Wednesday, May 15, 2013

Gamera vs. Gyaos (1967)


Aka "Gamera vs. Gaos", "Return of the Giant Monsters", "Giant Monster Mid-Air Battle: Gamera vs. Gaos"

This third entry into the “Gamera” series introduces one of our gigantic flying turtle’s most interesting nemesis’, a Rodan inspired flying bat-like creature that has the ability to shoot destructive sound rays. The problem with this entry, one that always seem to plague “Gamera” films, is that the filmmakers fail to intertwine the human and monster plots in a provocative manner making this entry a step down from the enjoyable second film “Gamera vs. Barugon”.

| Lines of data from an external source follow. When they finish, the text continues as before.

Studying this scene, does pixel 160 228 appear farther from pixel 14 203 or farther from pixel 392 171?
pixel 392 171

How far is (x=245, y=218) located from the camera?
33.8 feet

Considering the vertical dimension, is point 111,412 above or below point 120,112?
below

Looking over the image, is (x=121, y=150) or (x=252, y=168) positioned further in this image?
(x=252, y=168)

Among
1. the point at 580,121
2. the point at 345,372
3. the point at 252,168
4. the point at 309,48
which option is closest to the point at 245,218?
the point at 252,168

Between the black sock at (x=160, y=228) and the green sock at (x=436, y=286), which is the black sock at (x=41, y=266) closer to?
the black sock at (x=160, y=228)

Gyaos appears from a volcano in the middle of a major highway construction site. While eating a newspaper reporter and kidnapping a kid, Gamera shows up out of the blue to save the day but not before almost getting his arm blasted off by Gyaos’ sound ray. While healing at the bottom of the sea, Gyaos is destroying Tokyo so the Japanese government decides to come-up with an asinine plan to hire a chemist to create synthetic human blood to attract the beast and kill it with electricity (even though Gyaos has demonstrated to like livestock blood just as much but let’s pay a smug scientist thousands of dollars anyway). This of course fails and it’s left to Gamera to save the day.
This is truly the first entry to display Gamera as a hero from the start of the film and to be honest I miss the anti-hero nature that he could turn on the human race at any moment. The filmmakers also opt to pander this film more to children, even having a child as a main character but this entry doesn’t pander it nearly as much as sequels to come. As I mentioned the human and monster plots intertwine poorly with our construction site/farmer fued subplot falling into the monster scenario purely by coincidence.
The special effects, though shoddy by today’s standards, are on par with previous Gamera films with Gyaos having a vicious look about him with his wedge-like head (I also dug a scene where Gyaos slices a helicopter full of reporters in half). This villain keeps one interested in this otherwise routine Kaiju giant monster flick but it is one of the better entries into the initial run of the Gamera franchise.
Written By Eric Reifschneider

1 comment:

  1. I fondly remember these Japanese giant monster films over 40yrs ago while my brother and I watched these on "Creature Feature", channel 11 in L.A. Are they cheesy to us now? Yes but back then it was a big deal, and we were just awed by these movies, and at 52 yrs old I still watch them for they bring back the memories. It's just something about "CGI" that just doesn't do it for me. Ok so they're rubber/latex suit monsters attached to wires - but there's a certain special and emotion with these because in my opinion there's a creativity and personality involved in these films that you just don't get with CGI. The younger generation may tend to poke fun at these movies, but that stuff on SyFi channel is ridiculous. I'll take Return of the Giant Majin over "Dragoncuda vs RoboShark" any day!!